| TASK |
Print exactly the lines below between the line containing "Zaino in rete" and the line containing "Laundry room with", counting both of those lines. Leave pictures out.

╭─ INPUT

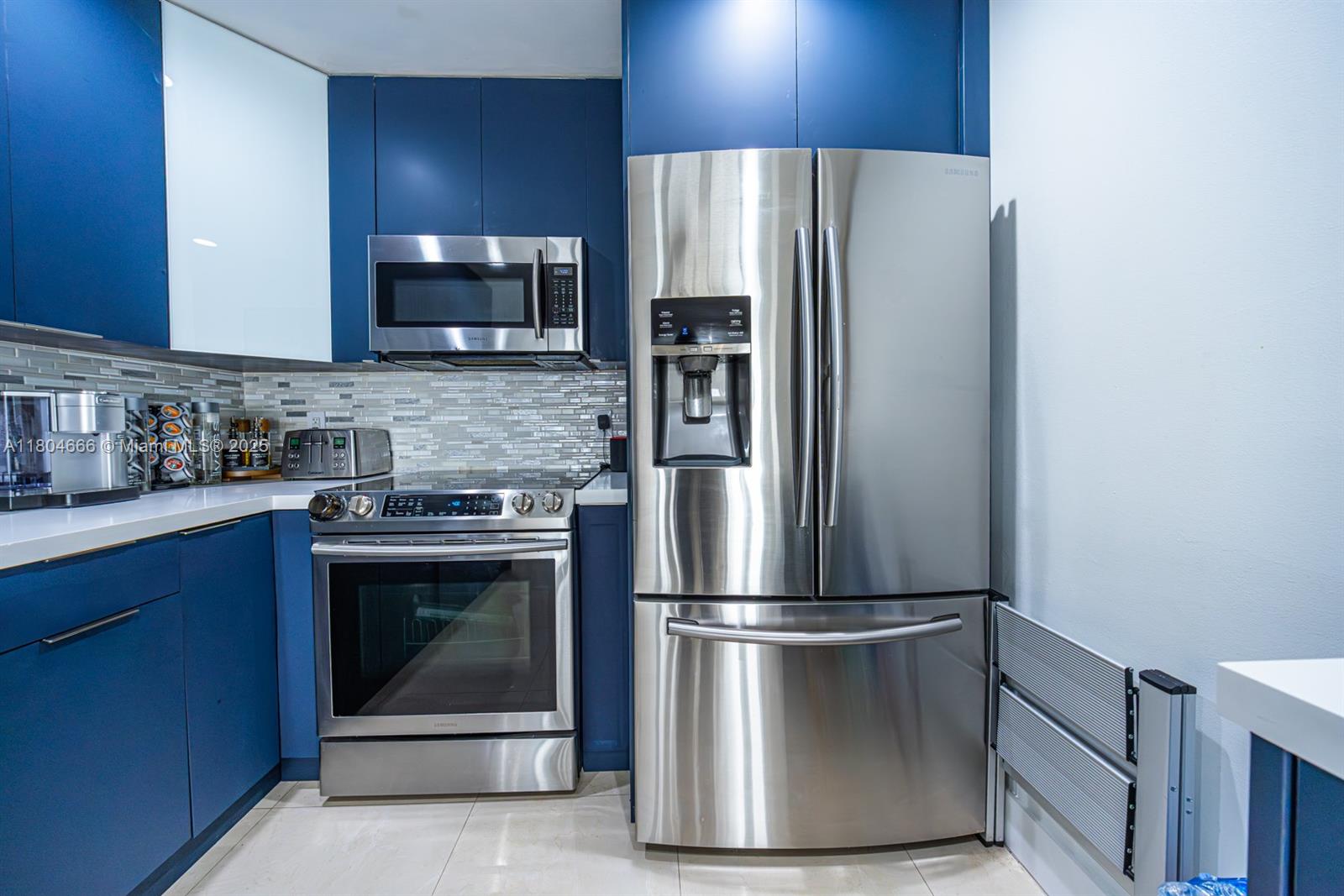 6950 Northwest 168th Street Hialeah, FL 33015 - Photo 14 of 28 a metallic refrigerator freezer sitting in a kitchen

╰─
╭─ INPUT

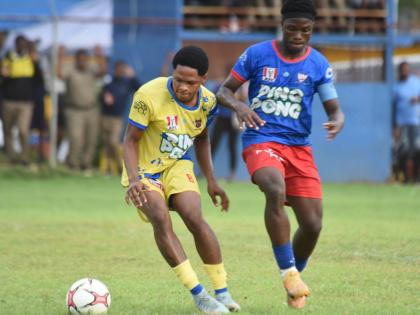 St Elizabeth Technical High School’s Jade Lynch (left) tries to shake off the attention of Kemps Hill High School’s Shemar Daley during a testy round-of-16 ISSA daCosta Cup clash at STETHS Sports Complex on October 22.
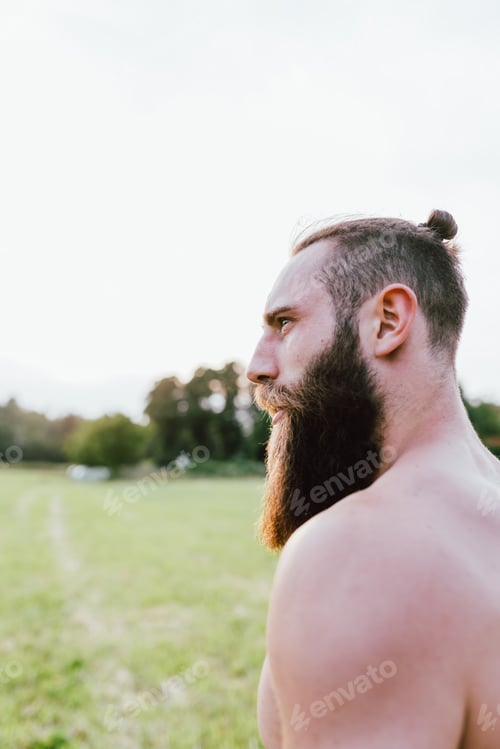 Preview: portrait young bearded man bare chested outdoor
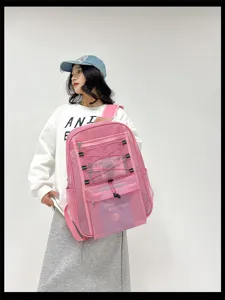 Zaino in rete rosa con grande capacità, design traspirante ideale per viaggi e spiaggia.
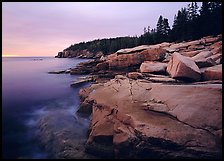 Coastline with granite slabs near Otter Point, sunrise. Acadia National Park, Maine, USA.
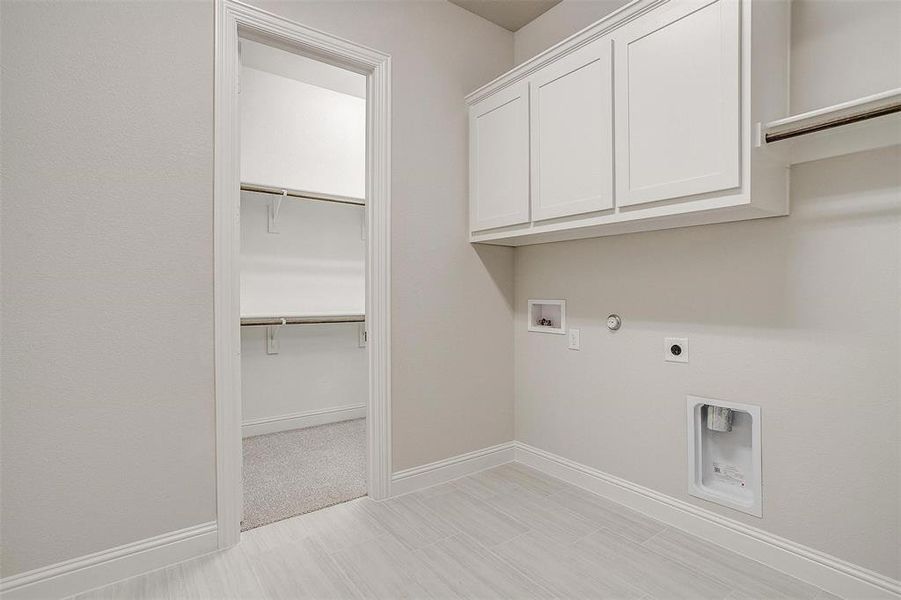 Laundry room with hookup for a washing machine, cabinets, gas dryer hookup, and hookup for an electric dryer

╰─

| EXERCISE OUTPUT |
 Zaino in rete rosa con grande capacità, design traspirante ideale per viaggi e spiaggia.
 Coastline with granite slabs near Otter Point, sunrise. Acadia National Park, Maine, USA.
 Laundry room with hookup for a washing machine, cabinets, gas dryer hookup, and hookup for an electric dryer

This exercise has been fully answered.